*** Block opens ***

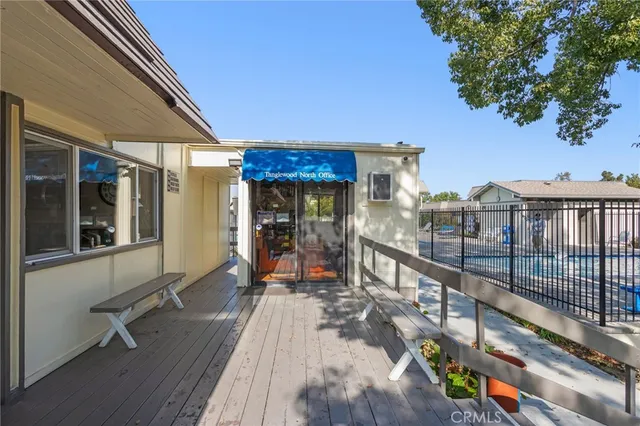 a view of a park with large trees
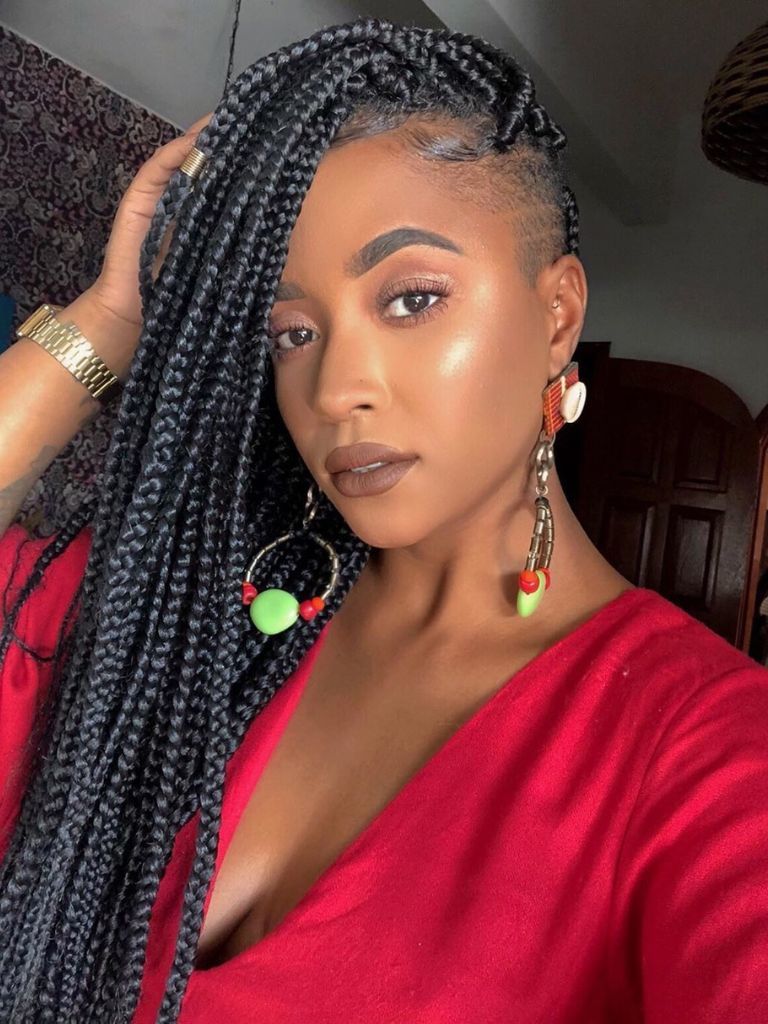 Woman with black side-swept long box braids and a subtle shaved side.
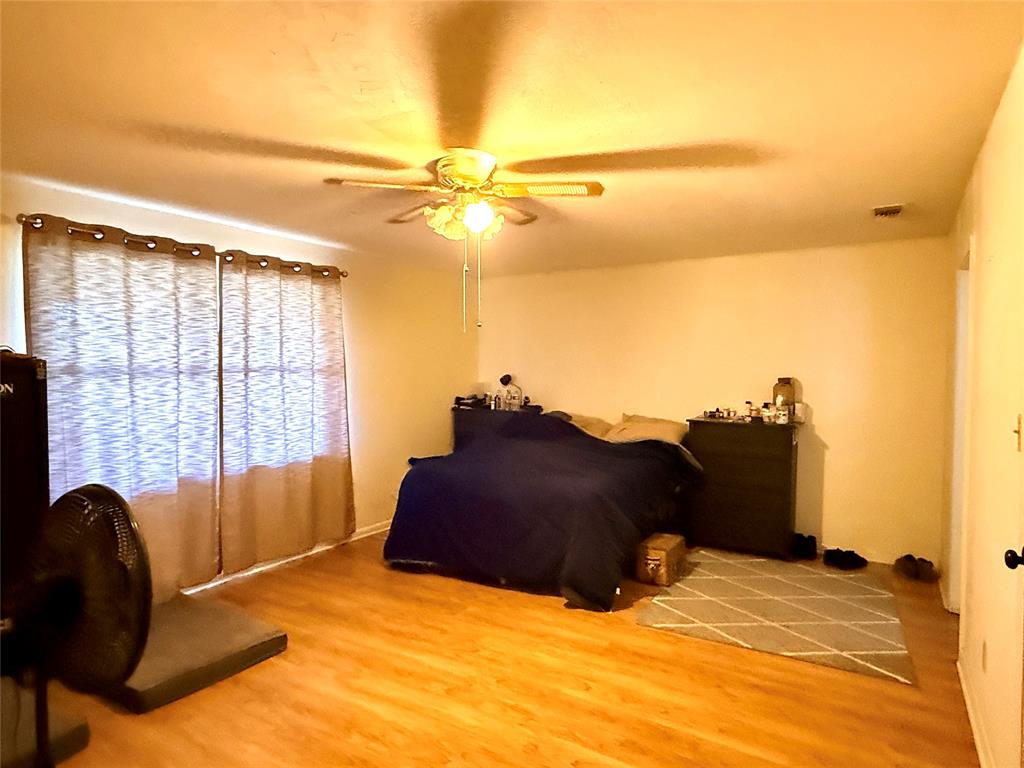 429 Agnes Avenue Marlin, TX 76661 - Photo 15 of 28 a bedroom with a bed window and dresser
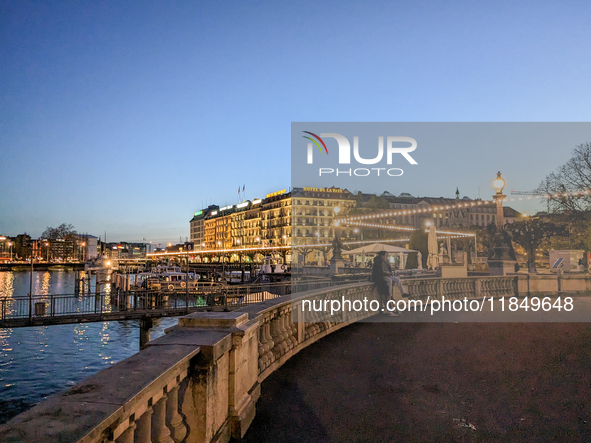 People take an early evening walk at Lake Geneva in Geneva, Switzerland, on April 9, 2023. 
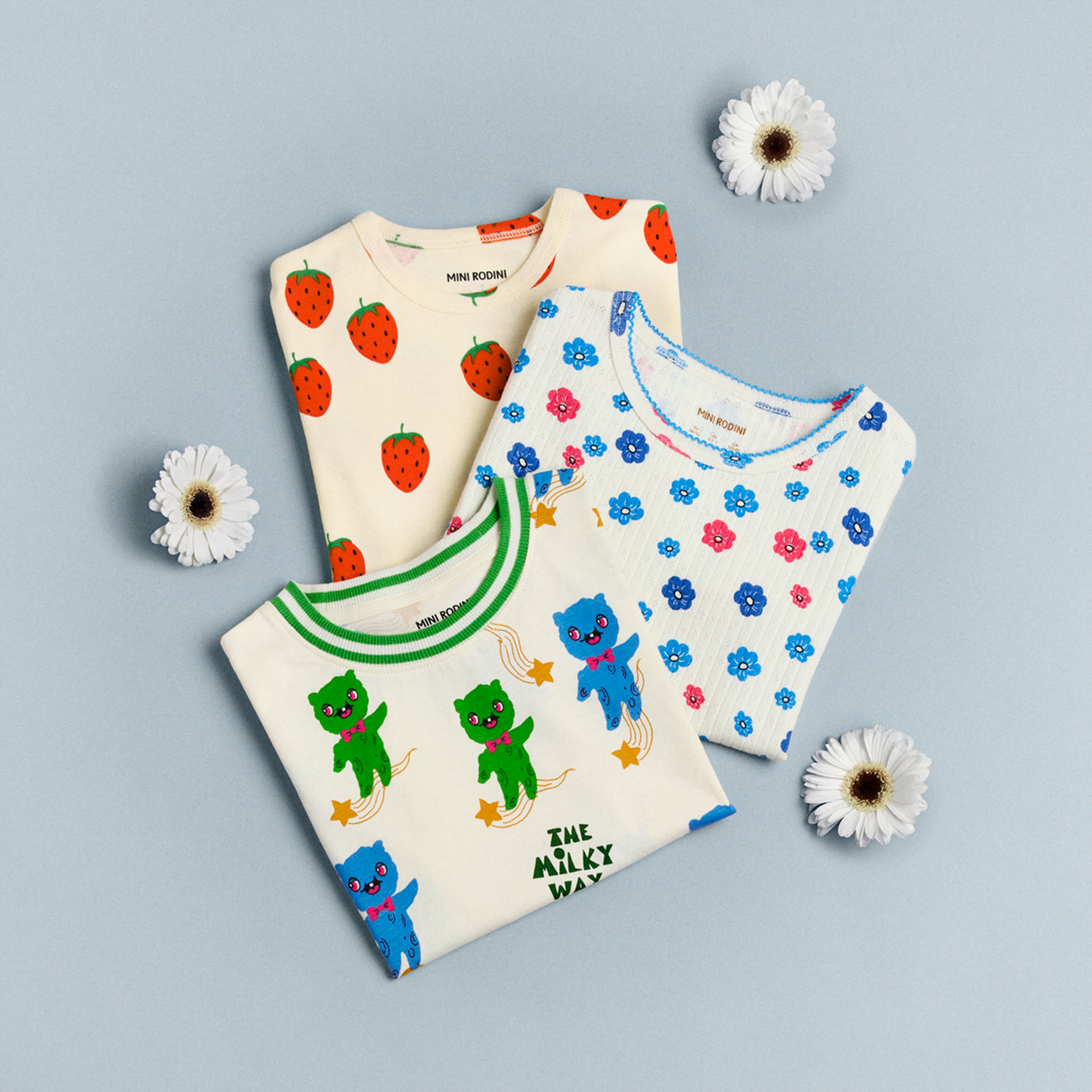 Three colorful children's shirts with strawberry, floral, and playful bear designs are laid out on a light blue background with daisies.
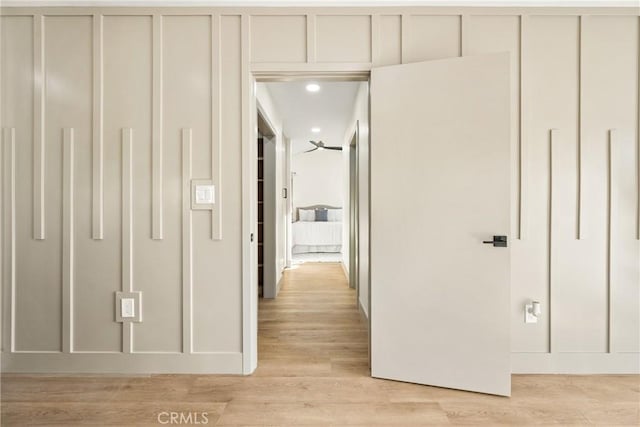 hallway featuring light wood-type flooring and a decorative wall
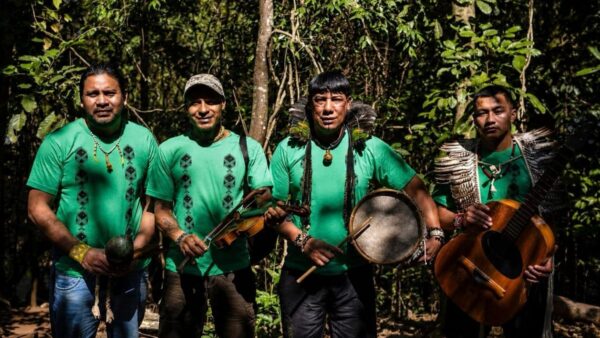 Integrantes do Coral Purahei Marangatu, dos povos Guarani Mbya e Nhandeva, com instrumentos na mata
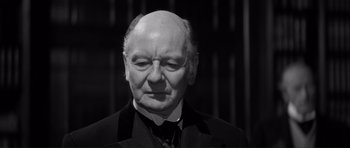 Movie still from “The Elephant Man” (1980), directed by David Lynch – An older man in a suit and tie looking at the camera; Close Up shot, Over the shoulder angle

*** Block closes ***

» WORK REQUEST: With no pictures included, write out the entries exactly.

» WRITTEN ANSWER:
 a view of a park with large trees
 Woman with black side-swept long box braids and a subtle shaved side.
 429 Agnes Avenue Marlin, TX 76661 - Photo 15 of 28 a bedroom with a bed window and dresser
 People take an early evening walk at Lake Geneva in Geneva, Switzerland, on April 9, 2023. 
 Three colorful children's shirts with strawberry, floral, and playful bear designs are laid out on a light blue background with daisies.
 hallway featuring light wood-type flooring and a decorative wall
 Integrantes do Coral Purahei Marangatu, dos povos Guarani Mbya e Nhandeva, com instrumentos na mata
 Movie still from “The Elephant Man” (1980), directed by David Lynch – An older man in a suit and tie looking at the camera; Close Up shot, Over the shoulder angle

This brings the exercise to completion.